Indian High Court Decriminalizes Homosexuality

The High Court of Delhi found that Section 377 of the Indian Penal Code, which criminalized consensual sexual acts of adults in private, violated the Indian Constitution. This ruling decriminalizes homosexuality in India and is being hailed by advocates in India and worldwide as the first step toward equality for gay, lesbian, and transgender persons in that country.

With thanks to our colleagues at Amnesty International for the information contained in this post.

Today, July 2, 2009, the High Court of Delhi found that Section 377 of the Indian Penal Code, which criminalized consensual sexual acts of adults in private, violated the Indian Constitution.  This ruling decriminalizes homosexuality in India and is being hailed by advocates in India and worldwide as the first step toward equality for gay, lesbian, and transgender persons in that country.  And with this decision, India becomes the latest country to join the global trend towards decriminalization.

"The decision is a significant step toward ensuring that people in India can express their sexual orientation or gender identity without fear or discrimination," said Amnesty International in a press release.

Amnesty quotes the Naz Foundation, an Indian sexual rights organization which brought
the case against Section 377, as stating:

It’s an
incredible day, it’s been a long battle. Today homosexuality has been
decriminalized but not legalized. It is a baby step but finally India
has entered the 21st century.

"This British colonial legacy has done untold harm to generations of individuals in India and across the Commonwealth” said Madhu Malhotra, Deputy Director, Asia Pacific, Amnesty International (AI).

As explained by AI, the ruling overturns a 19th century British colonial law which bans engagement in consensual sex with an individual of the same sex as “carnal intercourse against the order of nature”.

Amnesty stated that:

The law had been used to stifle the work of organizations working on HIV/AIDS prevention in India.
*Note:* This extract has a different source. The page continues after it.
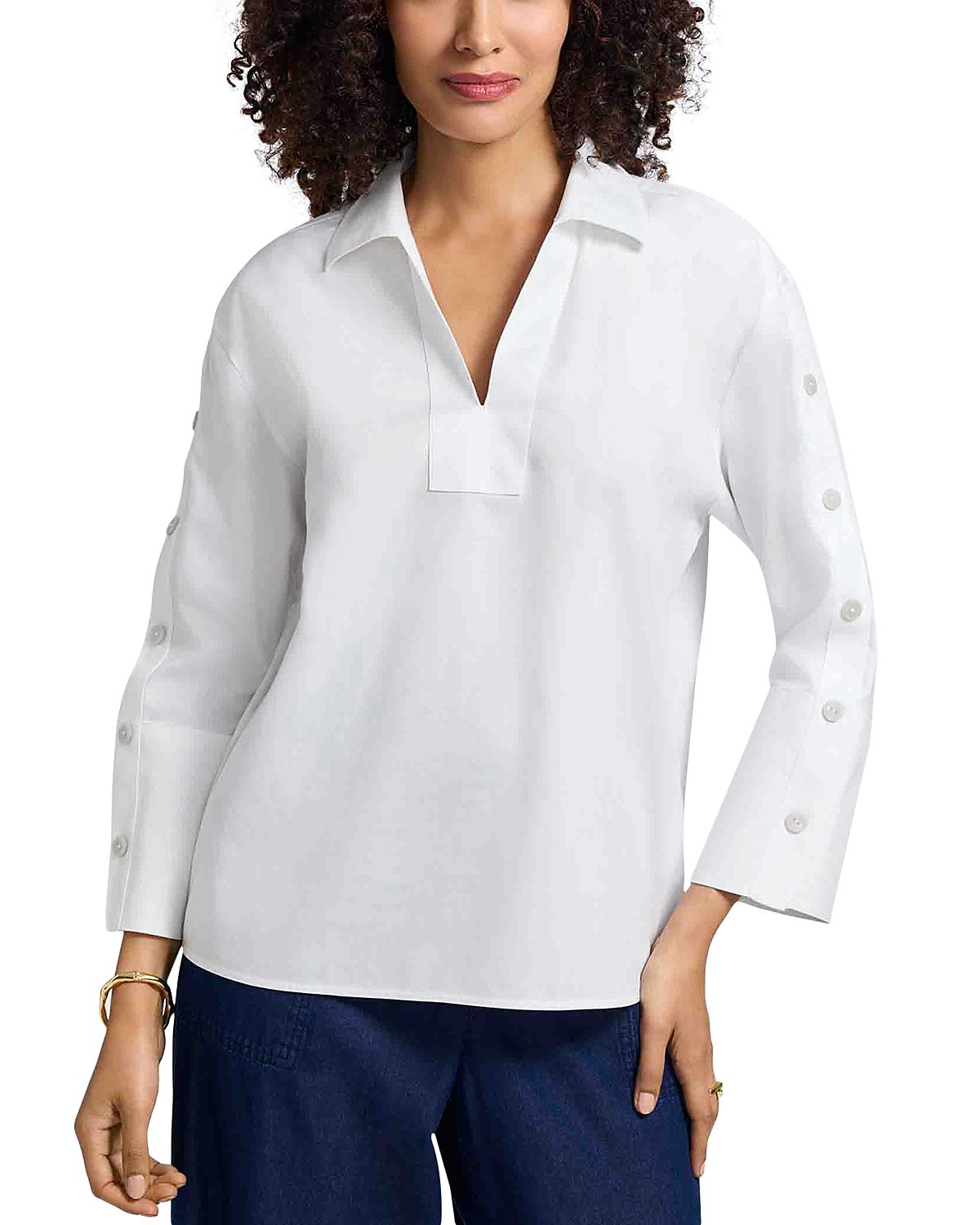 Foxcroft Lainey Poplin Top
The court rejected the law as discriminatory and “against constitutional morality."

Amnesty and other advocates are calling on the government to begin immediately to implement the law, in part, according to Malhotra, by starting to:

address abuse and discrimination by police and other officials and take measures to end discrimination on the basis of sexual orientation and gender identity in access to economic, social and cultural rights, including housing, employment and health services.

According to Amnesty’s report, the court’s ruling rejected every argument put forward by the government in defence of the law. It found that section 377, the law criminalizing homosexuality, reflected an understanding of sexual orientation that is “at odds with the current scientific and professional understanding”.

In particular, the government’s contention that the measure helped stop the spread of HIV/AIDS is “completely unfounded” and “based on incorrect and wrong notions,” the court said.

The court acknowledged that Section 377 has been used to “brutalis[e]” members of the gay community and other men who have sex with men, abuses that have long been documented by local human rights defenders and Amnesty International, among others.

The Judges ruled that popular morality or public disapproval of certain acts is not a valid justification for restriction of the fundamental rights set forth in the Indian Constitution.

India has no laws specifically criminalizing child sexual abuse and has used Section 377 to address this gap. The court’s ruling now restricts section 377 to cases of rape and child abuse.  Amnesty International is urging lawmakers to rewrite the law to deal explicitly with those crimes.

Amnesty has further called on those countries that continue to criminalize homosexuality to follow India’s example and repeal their own laws, the majority of which remain within Commonwealth countries.